Gene-Splicing and Other Methods of Modifying Plants
October 30, 2001
Some radical environmentalists want to ban gene-spliced organisms, but they have not proposed the same for organisms genetically modified by older methods, say experts.
Gene-splicing involves the introduction or substitution of just a few genes whose locations and functions are known. It is more precise and predictable than older, less exact methods used to change plant characteristics, according to the National Research Council.
Furthermore, gene-splicing is heavily regulated by the government, while each year dozens of new plant varieties produced through traditional methods are marketed without any scientific review or special labeling.
- One of those methods, called hybridization, can involve crosses between plants of different species or even genera.
- Thus the relatively new manmade "species" Triticum agropyrotriticum, cultivated for food, is a hybrid of common wheat and a weed called quackgrass.
- It has all of wheat's chromosomes plus an entire genome of quackgrass -- introducing thousands of extra genes into a widespread plant variety.
Another technique is "induced-mutation breeding."
- In widespread use since the 1950s, it involves subjecting cultivated plants or their seeds to ionizing radiation or toxic chemicals to induce random mutations.
- Most mutations kill the organism -- but sometimes a plant that survives exhibits a desirable new trait.
- Although no one knows which genes have mutated to produce the new traits -- or what other mutations might have occurred -- 1,400 varieties of plants produced by induced mutation have been marketed in the last half-century.

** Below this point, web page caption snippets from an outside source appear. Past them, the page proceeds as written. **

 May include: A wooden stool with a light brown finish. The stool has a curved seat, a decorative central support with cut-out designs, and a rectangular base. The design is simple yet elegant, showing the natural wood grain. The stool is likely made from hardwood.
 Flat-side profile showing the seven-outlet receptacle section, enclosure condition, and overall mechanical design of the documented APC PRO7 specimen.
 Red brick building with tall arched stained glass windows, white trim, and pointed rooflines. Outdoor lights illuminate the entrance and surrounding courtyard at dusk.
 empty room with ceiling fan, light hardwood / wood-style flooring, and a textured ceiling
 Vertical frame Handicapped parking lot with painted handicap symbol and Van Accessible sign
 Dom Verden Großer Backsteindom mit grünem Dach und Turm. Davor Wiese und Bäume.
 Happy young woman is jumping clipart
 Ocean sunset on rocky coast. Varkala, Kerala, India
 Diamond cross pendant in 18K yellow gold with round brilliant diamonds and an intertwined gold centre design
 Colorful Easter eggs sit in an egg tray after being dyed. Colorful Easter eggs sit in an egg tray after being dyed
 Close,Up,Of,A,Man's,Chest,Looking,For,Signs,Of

- Plants of several of these varieties -- including two of squash and one variety of potato -- were banned because they contained endogenous toxins at dangerous levels.

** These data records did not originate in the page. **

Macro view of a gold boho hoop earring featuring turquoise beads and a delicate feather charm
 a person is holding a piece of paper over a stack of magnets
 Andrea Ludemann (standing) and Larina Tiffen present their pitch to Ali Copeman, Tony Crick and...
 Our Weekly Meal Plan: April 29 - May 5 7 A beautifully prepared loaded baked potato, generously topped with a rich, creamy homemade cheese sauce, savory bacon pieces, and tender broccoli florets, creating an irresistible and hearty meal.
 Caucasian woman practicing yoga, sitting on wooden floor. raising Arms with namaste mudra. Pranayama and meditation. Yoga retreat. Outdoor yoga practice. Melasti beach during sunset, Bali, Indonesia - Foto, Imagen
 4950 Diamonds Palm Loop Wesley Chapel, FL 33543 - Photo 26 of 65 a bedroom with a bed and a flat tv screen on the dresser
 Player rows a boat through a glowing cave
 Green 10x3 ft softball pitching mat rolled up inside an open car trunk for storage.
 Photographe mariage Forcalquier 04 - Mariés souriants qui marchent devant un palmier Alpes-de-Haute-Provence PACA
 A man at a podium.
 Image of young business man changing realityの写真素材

There is minimal risk from such plants, and less from gene spliced plants. Yet U.S. Department of Agriculture requirements make paperwork and field trials for gene-spliced organisms 10 to 20 times more expensive than for plants modified in other ways.
Source: Henry I. Miller (Hoover Institution) and Gregory Conko (Competitive Enterprise Institute), "Precaution (of a Sort) Without Principle," Priorities for Health, Volume 13, No. 3, 2001, American Council on Science and Health.